SSgt Harris, Christian D. wrote:
> I'm am still getting the various 'unknown item' configuration errors
>after re-installing shadow for PAM functionality. But I am still able
> to login/su.
[snip]
Justin Knierim wrote:
> I re-installed cracklib, pam and shadow (using 4.0.11.1 instead of
> 4.0.9, and adding "--enable-shadowgrp") as in BLFS and the problems are
> gone on my system. I had the same errors before.
I re- compiled and installed all the packages with the replacement
shadow-4.0.11.1, and the errors still persist. I want to just quit, and
forget about it, but that would mean defeat. After hours of reading
various message boards and threads, I came across this;
kloczek wrote:
[snip]
> This varables are now disabled if shadow is
> configured with PAM support enabled because all code managed by above
> variables are disabled in this case. Handle faillog it is task for
> pam_tally. Setting enviroment variables it is pam_env. Display mail
> notitications it is task for pam_mail .. etc.
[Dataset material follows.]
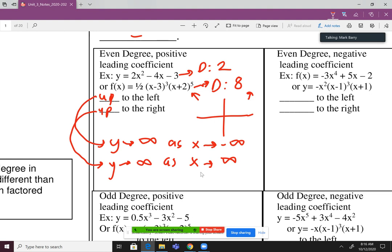Why write it that way? Math is universal — if you lived in any other country, the math is the same. 'Up to the left, up to the right' is English, but writing 'Y goes to infinity as X goes to negative infinity' means someone who didn't speak English could still understand it. That's why we want to write it in terms of infinities — it brings the universal nature of math into it.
> Perhaps those lines should be removed from /etc/login.defs?
> Yes .. in case when PAM support was enabled.
> Should they not already be removed from the default
> configuration files etc/login.defs.linux in the shadow 4.0.8 tarball, please?
> Better .. this file must be generated depending on disable/enable PAM
> support on autoconf level.
> In longer time I want move as amny as possible variables from
> /etc/login.defs to /etc/default/<program> (best will be IMO completly
> remove handle /etc/login.defs).
> Now some programs uses two configuration files and APIs (like useradd one
> for /etc/login.defs and second for handle /etc/default/useradd). I want
> repalce this by one (common for handle /etc/default/<program>).
This would be a good indication of why I can still login/su into my system.
If I remove these variables from my login.defs how can I tell that all the
settings are indeed being handled by PAM correctly?